J’hésite à envoyer un message à Livia, en commence un que j’efface à plusieurs reprises, ne sachant pas quel ton adopter avec elle. C’est fou ce que c’est compliqué, je veux lui dire que je pense à elle sans lui faire peur, tout en lui disant qu’elle aussi m’attire. Bref, c’est pas facile et je me décide pour un petit SMS tout simple.
“ Bonjour Princesse. J’espère que tes rêves ont été aussi agréables que les miens. Bonne journée. Le vilain. ”

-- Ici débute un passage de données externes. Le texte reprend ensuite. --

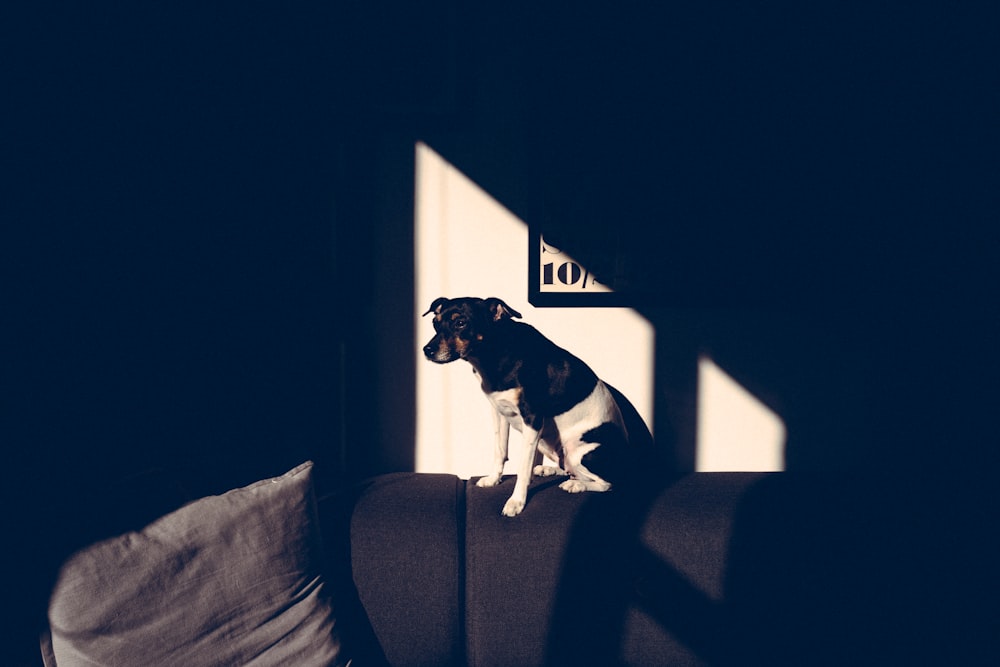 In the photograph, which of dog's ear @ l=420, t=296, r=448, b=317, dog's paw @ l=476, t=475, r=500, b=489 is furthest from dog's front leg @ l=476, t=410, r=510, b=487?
dog's ear @ l=420, t=296, r=448, b=317

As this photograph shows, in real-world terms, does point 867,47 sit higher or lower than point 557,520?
higher

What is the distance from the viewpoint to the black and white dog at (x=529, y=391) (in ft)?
5.57

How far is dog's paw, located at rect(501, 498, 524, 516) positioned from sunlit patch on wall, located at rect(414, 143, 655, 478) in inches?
14.7

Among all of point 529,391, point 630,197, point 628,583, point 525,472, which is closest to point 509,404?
point 529,391

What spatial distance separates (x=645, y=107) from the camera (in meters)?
1.97

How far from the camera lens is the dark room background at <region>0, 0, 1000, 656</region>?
1.68 m

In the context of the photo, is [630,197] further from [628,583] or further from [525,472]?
[628,583]

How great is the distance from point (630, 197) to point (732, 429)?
0.81 metres

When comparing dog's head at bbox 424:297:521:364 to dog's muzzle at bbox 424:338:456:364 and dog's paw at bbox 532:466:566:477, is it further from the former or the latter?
dog's paw at bbox 532:466:566:477

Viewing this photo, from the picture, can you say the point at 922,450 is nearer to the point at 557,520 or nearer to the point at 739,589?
the point at 739,589

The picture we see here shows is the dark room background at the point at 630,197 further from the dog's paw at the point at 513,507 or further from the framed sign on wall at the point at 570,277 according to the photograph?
the dog's paw at the point at 513,507

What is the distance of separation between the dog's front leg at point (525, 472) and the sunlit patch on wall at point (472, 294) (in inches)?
13.0

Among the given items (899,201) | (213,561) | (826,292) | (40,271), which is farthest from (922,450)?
(40,271)

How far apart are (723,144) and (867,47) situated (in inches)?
21.2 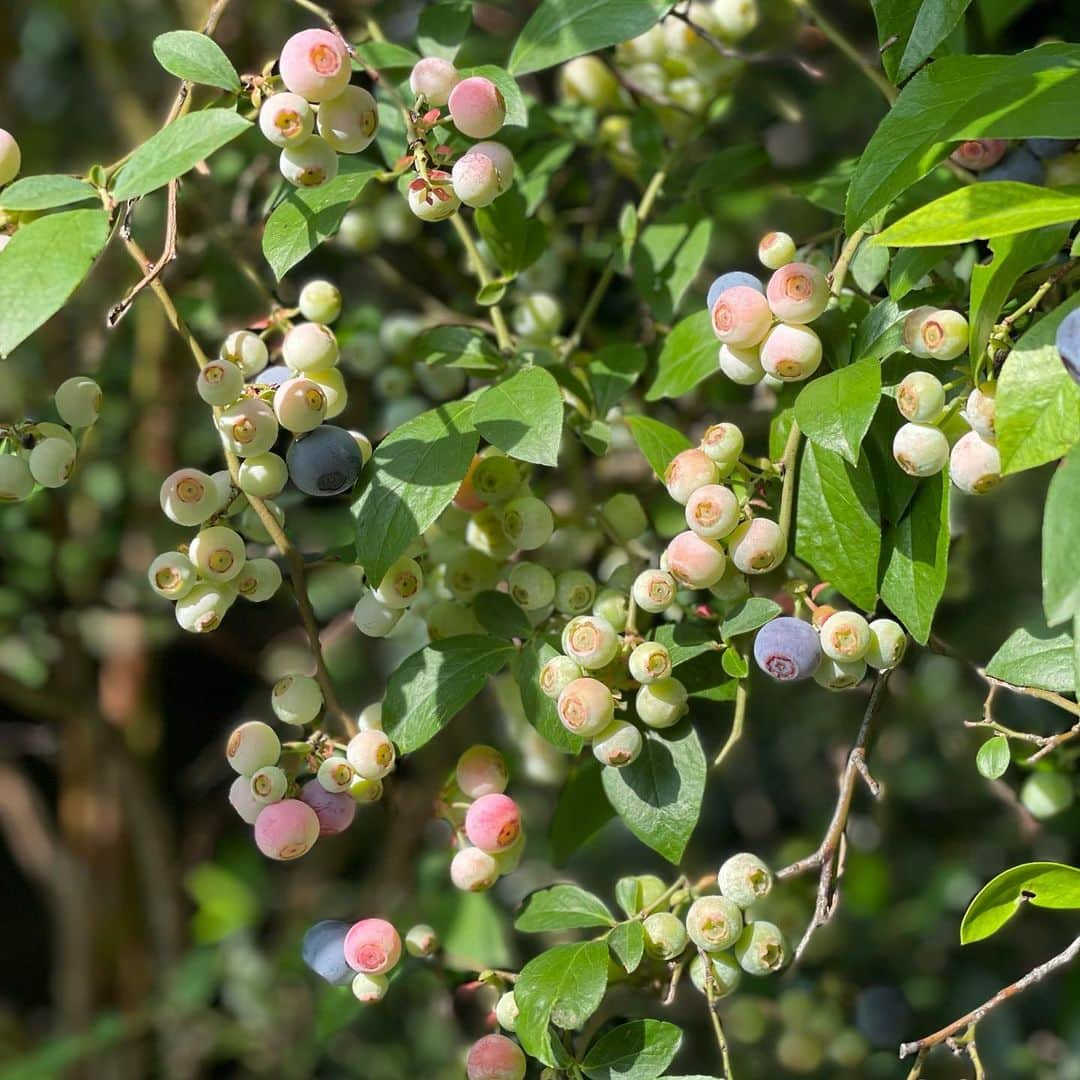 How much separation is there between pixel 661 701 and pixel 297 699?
0.21m

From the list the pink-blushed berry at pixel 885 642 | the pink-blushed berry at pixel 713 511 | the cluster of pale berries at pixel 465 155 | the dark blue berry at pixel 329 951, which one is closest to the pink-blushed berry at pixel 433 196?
the cluster of pale berries at pixel 465 155

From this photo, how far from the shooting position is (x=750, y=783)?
5.94 feet

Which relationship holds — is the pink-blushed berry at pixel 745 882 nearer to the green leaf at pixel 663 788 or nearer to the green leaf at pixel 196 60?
the green leaf at pixel 663 788

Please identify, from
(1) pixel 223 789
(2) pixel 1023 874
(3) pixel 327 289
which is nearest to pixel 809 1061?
(2) pixel 1023 874

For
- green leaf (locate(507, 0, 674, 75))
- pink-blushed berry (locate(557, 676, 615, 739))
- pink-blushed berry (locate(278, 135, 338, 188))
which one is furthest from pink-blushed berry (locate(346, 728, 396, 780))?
green leaf (locate(507, 0, 674, 75))

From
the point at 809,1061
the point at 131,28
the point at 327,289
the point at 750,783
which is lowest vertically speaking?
the point at 750,783

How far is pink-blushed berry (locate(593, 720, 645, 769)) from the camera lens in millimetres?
724

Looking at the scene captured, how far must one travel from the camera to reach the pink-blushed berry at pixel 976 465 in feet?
1.98

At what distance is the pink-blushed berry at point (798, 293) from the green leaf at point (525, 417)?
13 centimetres

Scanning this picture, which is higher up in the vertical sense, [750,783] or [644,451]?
[644,451]

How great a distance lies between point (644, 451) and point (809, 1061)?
0.66 metres

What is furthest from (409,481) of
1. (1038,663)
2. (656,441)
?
(1038,663)

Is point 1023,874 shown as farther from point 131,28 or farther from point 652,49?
point 131,28

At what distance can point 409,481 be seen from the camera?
69 centimetres
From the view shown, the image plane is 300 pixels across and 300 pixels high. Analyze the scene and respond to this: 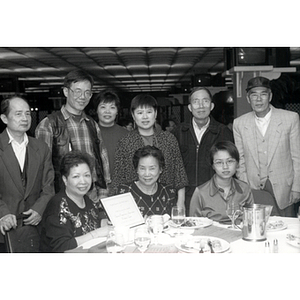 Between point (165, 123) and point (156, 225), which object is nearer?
point (156, 225)

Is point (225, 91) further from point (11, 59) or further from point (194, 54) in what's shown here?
point (11, 59)

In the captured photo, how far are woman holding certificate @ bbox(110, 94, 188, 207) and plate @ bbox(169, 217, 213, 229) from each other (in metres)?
0.20

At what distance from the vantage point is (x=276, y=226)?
2539 millimetres

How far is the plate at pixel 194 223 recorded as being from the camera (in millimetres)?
2566

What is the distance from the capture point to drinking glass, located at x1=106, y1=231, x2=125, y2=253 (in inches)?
88.7

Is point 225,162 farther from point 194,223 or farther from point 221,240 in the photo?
point 221,240

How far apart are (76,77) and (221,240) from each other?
1.47m

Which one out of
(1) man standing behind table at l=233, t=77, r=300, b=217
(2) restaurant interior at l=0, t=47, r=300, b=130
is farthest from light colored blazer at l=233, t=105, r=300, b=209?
(2) restaurant interior at l=0, t=47, r=300, b=130

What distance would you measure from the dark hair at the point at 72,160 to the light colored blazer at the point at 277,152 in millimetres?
1069

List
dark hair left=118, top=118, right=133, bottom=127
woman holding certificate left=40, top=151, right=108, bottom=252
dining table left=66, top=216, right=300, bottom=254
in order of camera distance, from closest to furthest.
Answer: dining table left=66, top=216, right=300, bottom=254 < woman holding certificate left=40, top=151, right=108, bottom=252 < dark hair left=118, top=118, right=133, bottom=127

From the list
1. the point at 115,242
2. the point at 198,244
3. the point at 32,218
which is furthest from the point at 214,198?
the point at 32,218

Je reçois sa réponse quelques minutes plus tard alors que je m’apprête à monter dans le RER qui va m’emmener à Vitry-sur-Seine.
“ Salut Sassa ! De quoi t’as rêvé, au juste ? :p Je suis curieuse. Bonne journée à toi aussi, gentil vilain. ”
Je ne devrais pas ressentir autant de plaisir à la simple lecture d’un SMS mais il semblerait qu’elle soit dans le même mood qu’hier soir, ce qui montre qu’elle ne regrette pas ses messages.
“ J’ai rêvé de toi, de nous, de folies au coffee shop qui démontrent que je suis loin d’être trop sage. J’aimerais pouvoir t’en parler plus, mais je suis dans le RER pour aller voir ma sœur. Trop d’excitation, ça ne serait pas raisonnable, tu vois ? Bisous. ”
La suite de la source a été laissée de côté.